In einer Entscheidung vom 19. Dezember 2022 (AAA u.a. gg. Secretary of State for the Home Department, Az. 2022 EWHC 3230 (Admin)), über die er auch in einer Pressemitteilung berichtet, hat der englische High Court of Justice die Pläne der britischen Regierung, Schutzsuchende aus dem Vereinigten Königreich nach Ruanda zu überstellen, für grundsätzlich rechtmäßig gehalten. Die britische Regierung habe ausreichende Vereinbarungen mit der Regierung von Ruanda getroffen, um sicherzustellen, dass Schutzsuchende in Ruanda in Einklang mit der Genfer Flüchtlingskonvention behandelt würden. Die britische Regierung müsse jedoch jeden Einzelfall individuell prüfen, was in den acht dem High Court vorgelegten Verfahren nicht geschehen sei.
Der Verwaltungsgerichtshof Mannheim hält in seinem Urteil vom 7. Dezember 2022 (Az. 11 S 148/22) eine unter Nichteinhaltung der gesetzlichen Schriftform abgegebene ausländerrechtliche Verpflichtungserklärung für unwirksam, so dass daraus keine Zahlungsansprüche der Ausländerbehörde abgeleitet werden könnten. Die Einhaltung der in § 68 Abs. 2 Satz 1 AufenthG vorgeschriebenen Schriftform sei unter Zugrundelegung des § 126 Abs. 1 BGB zu beurteilen und erfordere danach die eigenhändige Namensunterschrift oder ein notariell beglaubigtes Handzeichen oder eine andere durch § 126 BGB zugelassene Form. In dem entschiedenen Verfahren war der Ausländerbehörde kein Original der Verpflichtungserklärung zugegangen, sondern lediglich ein Ausdruck einer zuvor eingescannten Verpflichtungserklärung, was dem VGH nicht ausreichte. Die Person, die die Verpflichtungserklärung unterzeichnet hatte, sei auch nicht aus Gründen von Treu und Glauben daran gehindert, sich auf die Unwirksamkeit der Verpflichtungserklärung zu berufen, so der VGH.
Das Bayerische Oberste Landesgericht meint in seinem Urteil vom 7. Oktober 2022 (Az. 202 StRR 81/22), dass die EU-Rückführungsrichtlinie einer Bestrafung wegen unerlaubten Aufenthalts im Bundesgebiet gemäß § 95 Abs. 1 Nr. 2 AufenthG nur dann entgegensteht, wenn im Zeitpunkt der strafgerichtlichen Entscheidung ein Rückführungsverfahren anhängig ist, nicht aber, wenn sich der Ausländer mittlerweile rechtmäßig im Bundesgebiet aufhält.
Das Amtsgericht München meint in seinem Urteil vom 20. Dezember 2022 (Az. 411 C 10539/22), dass die Gebrauchsüberlassung von Teilen einer Mietwohnung an Geflüchtete einer vorherigen Zustimmung durch den Vermieter bedarf.
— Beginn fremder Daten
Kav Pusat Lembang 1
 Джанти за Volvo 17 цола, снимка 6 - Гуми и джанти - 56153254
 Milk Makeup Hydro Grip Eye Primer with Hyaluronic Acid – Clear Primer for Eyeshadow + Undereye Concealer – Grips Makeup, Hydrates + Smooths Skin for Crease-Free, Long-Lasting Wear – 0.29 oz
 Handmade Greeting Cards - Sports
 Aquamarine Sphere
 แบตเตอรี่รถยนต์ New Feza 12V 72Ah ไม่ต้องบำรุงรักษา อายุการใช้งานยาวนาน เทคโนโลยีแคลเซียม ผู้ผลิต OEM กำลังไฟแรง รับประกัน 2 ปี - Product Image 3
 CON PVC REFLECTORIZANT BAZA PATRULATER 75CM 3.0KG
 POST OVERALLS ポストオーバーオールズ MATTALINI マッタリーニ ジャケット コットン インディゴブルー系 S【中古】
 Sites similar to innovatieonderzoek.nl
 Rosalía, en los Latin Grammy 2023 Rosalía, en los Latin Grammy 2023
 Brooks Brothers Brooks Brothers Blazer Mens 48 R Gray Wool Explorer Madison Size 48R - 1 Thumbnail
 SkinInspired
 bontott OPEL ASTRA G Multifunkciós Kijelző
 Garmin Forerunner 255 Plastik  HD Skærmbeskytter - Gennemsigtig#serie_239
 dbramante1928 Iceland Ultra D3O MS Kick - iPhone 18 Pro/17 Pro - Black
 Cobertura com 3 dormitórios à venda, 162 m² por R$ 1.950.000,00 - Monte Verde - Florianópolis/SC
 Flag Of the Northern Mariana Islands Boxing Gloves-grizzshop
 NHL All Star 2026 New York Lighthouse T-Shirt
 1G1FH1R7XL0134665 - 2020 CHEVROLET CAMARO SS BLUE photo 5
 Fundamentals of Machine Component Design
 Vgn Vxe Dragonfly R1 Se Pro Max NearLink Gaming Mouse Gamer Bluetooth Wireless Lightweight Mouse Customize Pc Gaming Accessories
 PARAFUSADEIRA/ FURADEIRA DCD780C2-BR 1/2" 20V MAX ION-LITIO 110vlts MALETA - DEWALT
Ein Anspruch auf eine solche Zustimmung bestehe regelmäßig nicht.
Die Europäische Asylagentur (EUAA) hat Ausgabe 04/2022 ihres vierteljährlichen, thematisch gegliederten Updates zur Asylrechtsprechung in der Europäischen Union veröffentlicht, das den Zeitraum September bis November 2022 abdeckt.